Prestige Records is a jazz record company and label founded in 1949 by Bob Weinstock in New York City which issued recordings in the mainstream, bop, and cool jazz idioms.
Audio engineer Rudy Van Gelder was the recording engineer of many Prestige albums in the 1950s and early-to-mid-1960s. Prestige created new labels in 1960: Swingville, Moodsville, covering jazz, Bluesville featuring blues revival artists, Lively Arts featuring spoken word recordings and Prestige International, Prestige Folklore, Irish and Near East with folk and world music.

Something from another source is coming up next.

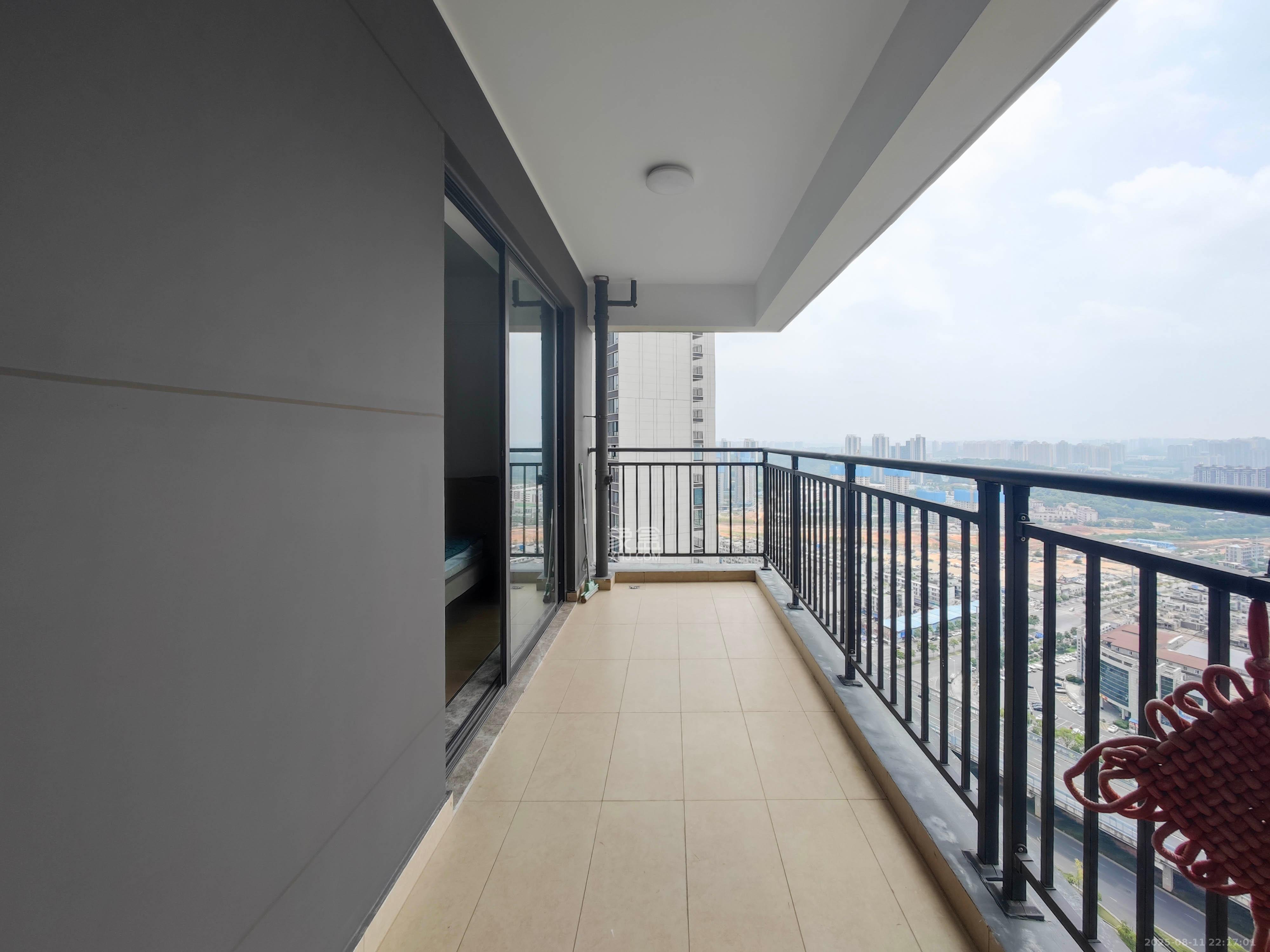 长房星城天地  4室2厅2卫    218.0万 长房星城天地  4室2厅2卫    218.0万阳台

By the later 1950s, Weinstock ceased supervising recording sessions directly, employing Chris Albertson, Ozzie Cadena, Esmond Edwards, Don Schlitten, and producer/music supervisor Bob Porter, among others, to fulfill this function. Musicians recording for the label in the 1960s included Jaki Byard and Booker Ervin, while Prestige remained commercially viable by recording a number of soul jazz artists like Charles Earland. In 1966 the company's headquarters were located at 203 South Washington Avenue in Bergenfield, New Jersey.Original 1965 liner notes to Blue Seven by Shirley Scott, Prestige PRLP 7376
The company was sold to Fantasy Records in 1971, and original releases on the label formed a significant proportion of its Original Jazz Classics line. Fantasy was purchased by Concord Records in 2005.
In 2017, Concord Music Group revived the Prestige label. The first album released under the label's reactivation was A Social Call from Texas native Jazzmeia Horn.